As if the BIN wasn't low enough it sold for only $42.


----------



## replaytv (Feb 21, 2011)

The low price obtained is a lesson to tell the buyers that any lifetime TiVo listed needs to have the word 'lifetime' in the title. In fact, it is best to give as much info in the title of any eBay listing as most buyers don't do the advanced search option of searching the rest of the posting. So they don't know the Tivo has lifetime. Whenever I post on eBay I fill the whole title up with info. 
If you list a TiVo on eBay and neglect to mention the unit having 'lifetime' in the title you can get _half _of what the same TiVo will get if you have 'lifetime' in the title.


----------



## Arcady (Oct 14, 2004)

I think $42 plus shipping is too high.


----------



## magnus (Nov 12, 2004)

Arcady said:


> I think $42 plus shipping is too high.


I agree. These boxes really don't have much value now.


----------



## reubanks (Feb 19, 2006)

Arcady said:


> I think $42 plus shipping is too high.


Especially with $41.05 added for shipping!


----------



## replaytv (Feb 21, 2011)

magnus said:


> I agree. These boxes really don't have much value now.


hmmm.... I am glad that not everyone agrees with you on that.
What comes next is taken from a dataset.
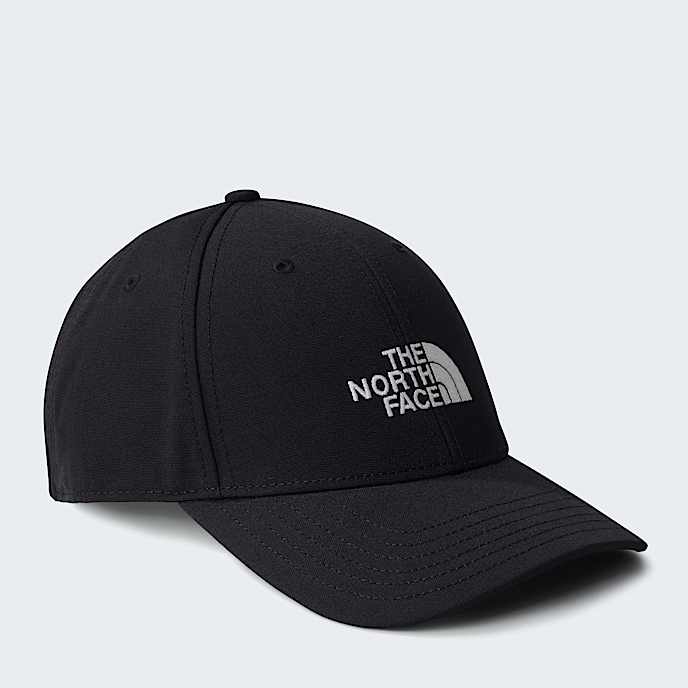 Classic Recycled 66 Hat Smbarn TNF TNF Black HERO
I will posting two or three of them on eBay for $150 to $200 each as that is what they have been selling at with 'buy it now'. They are worthless to me, as I only have antenna TV, and they only work with antenna TV badly with incorrect channel lineup and none of the dash channels. And you can only use them with the DTV Pal converter boxes. 
http://www.ebay.com/sch/i.html?_odk...w=++TCD649080+++LIFETIME++&_sacat=0&_from=R40


----------



## magnus (Nov 12, 2004)

replaytv said:


> hmmm.... I am glad that not everyone agrees with you on that. I will posting two or three of them on eBay for $150 to $200 each as that is what they have been selling at with 'buy it now'. They are worthless to me, as I only have antenna TV, and they only work with antenna TV badly with incorrect channel lineup and none of the dash channels. And you can only use them with the DTV Pal converter boxes.
> http://www.ebay.com/sch/i.html?_odk...w=++TCD649080+++LIFETIME++&_sacat=0&_from=R40


Yep, I'd be selling them as quickly as I could and not buying more unless they were for a really good price.


----------